At Internshala Trainings, our online training platform that helps learners acquire new age skills, we have been grappling with the question of how to measure effectiveness of our trainings for learners.
We wanted to define a single metric that would help us answer the question ‘How many of my learners really learned how much of what I wanted to teach?‘ and will become our guiding star to continuously improve the quality of our individual trainings and platform.
In a classroom training, this can be measured via assessment scores and marks in practicals; but to do so in an online environment has many challenges. While the MOOCs have been around for more than a decade now, most commonly used metrics are completion rates and user ratings which only partially and indirectly answer the above question. We wanted to develop a metric which goes into the heart of learning, is scientifically more rigorous, and can differentiate between what is just entertaining and what is engaging & effective.
With a bit of research, a bit of tinkering with an existing framework and marrying it with another scientific concept, we came up with a framework that we call ‘Internshala Model of Online Training Evaluation‘ and a metric called ‘Learning Effectiveness Index (LEI)‘. This article details the framework and the metric at conceptual level with an objective to invite comments, reactions, and feedback from the community.
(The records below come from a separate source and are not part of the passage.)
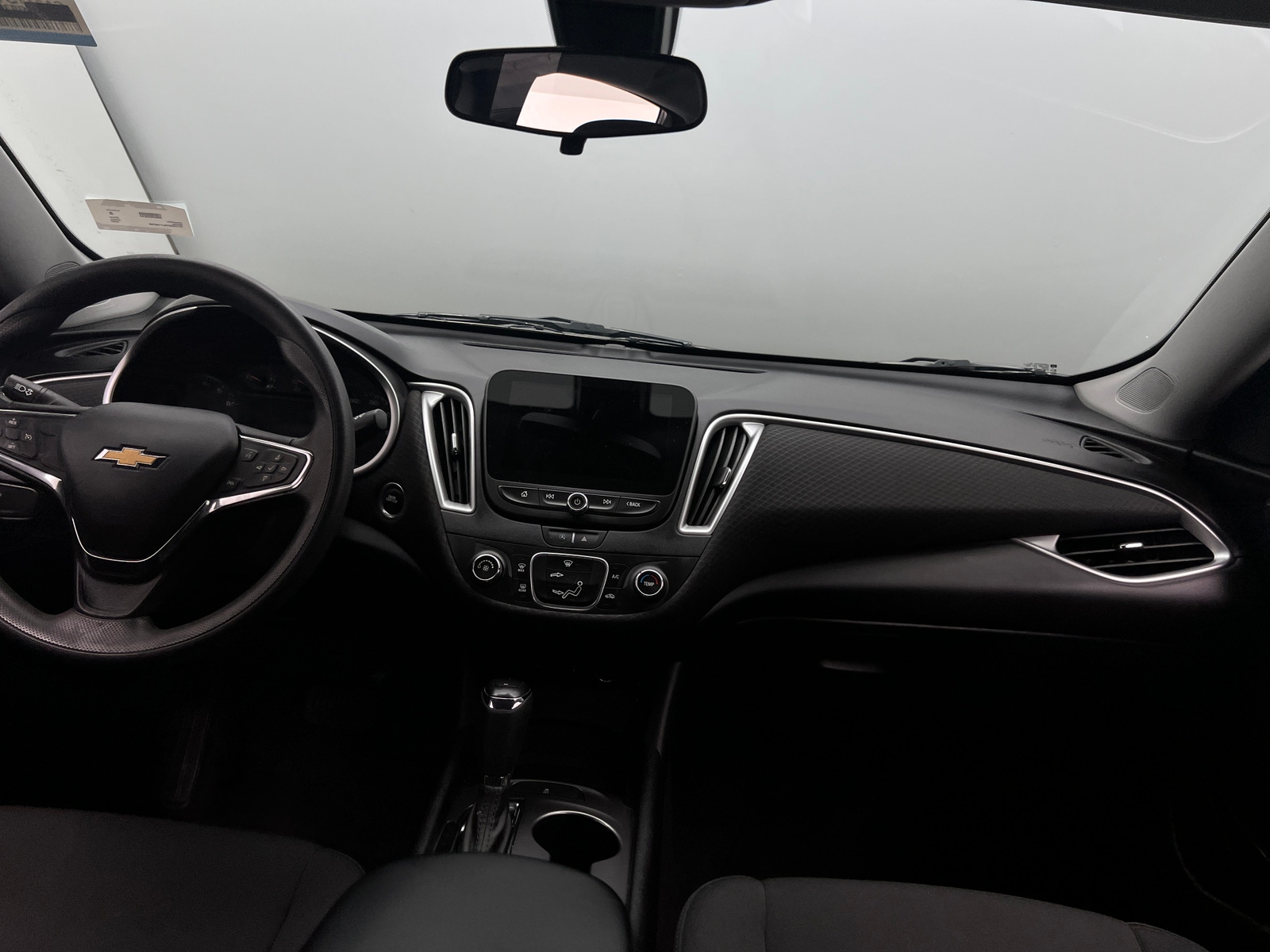 Thumbnail: 2020 Chevrolet Malibu - 3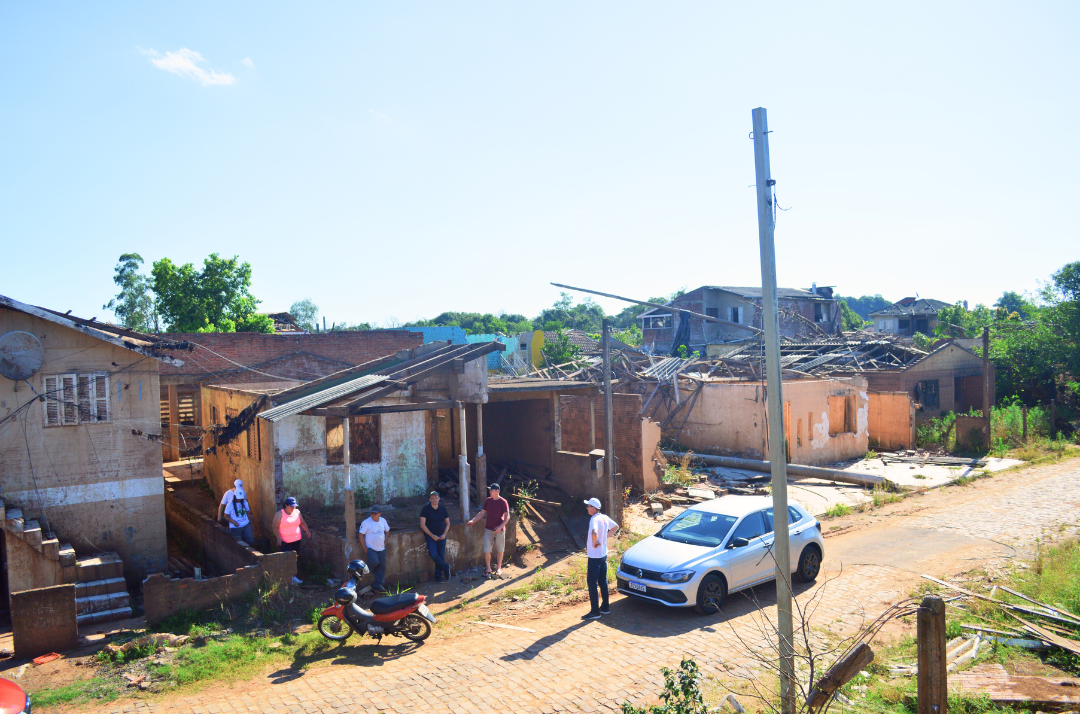 Descaso e lentidão ainda marcam a resposta às enchentes no Vale do Taquari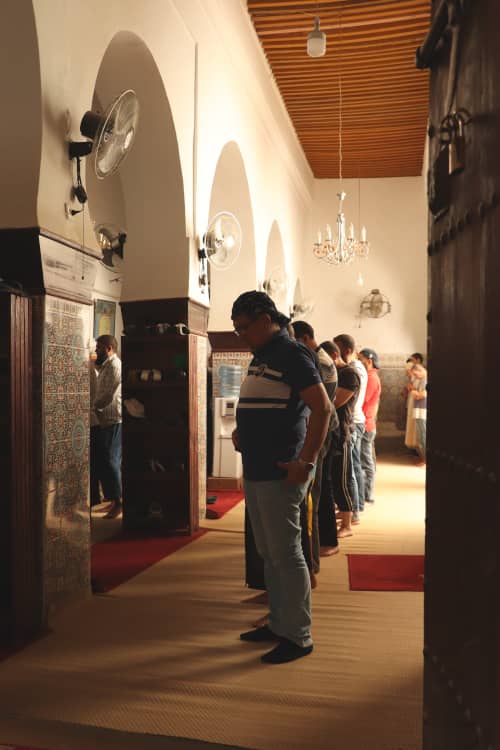Visitar un país árabe hombres mezquita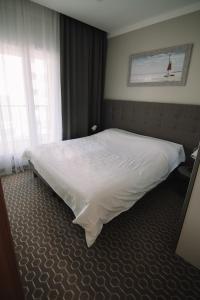 Postel nebo postele na pokoji v ubytování Merepargi ApartHotel & Cafe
1. Starting point – We started with The Kirkpatrick Model for Training Evaluation which was developed in 1950s to evaluate the effectiveness of various instructor led industrial training programs. This model evaluates a training program on 4 levels –
Level 1 – Reaction: The degree to which participants find the training favorable, engaging and relevant to their job-related goals i.e. did they like it?
Level 2 – Learning: The degree to which participants acquire the intended knowledge, skills, attitude, confidence and commitment based on their participation in the training i.e. did they learn the subject?
Level 3 – Behavior: The degree to which participants apply what they learned during training in a job i.e. can they apply the acquired knowledge independently outside training environment?
Level 4 – Results: The degree to which targeted program outcomes occur and contribute to the organization’s highest-level result i.e. did they achieve the larger goal with which they did this training (such as finding a job, getting a raise, becoming more productive etc.)
We particularly liked this framework because it goes beyond just user ratings and makes a valid attempt to measure the learning outcome which is the true purpose of a training.
2. Developing instruments to measure each of the levels – Once we had clarity on what we wanted to measure, it was easier to think about ways in which it could be measured in our context. We came with following –
To measure Reaction – We used our existing feedback form which every learner fills after completing the training where she rates us on a 5-star scale. We made some tweaks to ask feedback on overall experience as well as individual components such as videos, exercises, support etc. to help us get more granular data on what is working and what isn’t. So, if every learner rates each of our trainings 5 stars, LEI score for this level would be 100% and if they rate us 4, it would be 80%. and so on.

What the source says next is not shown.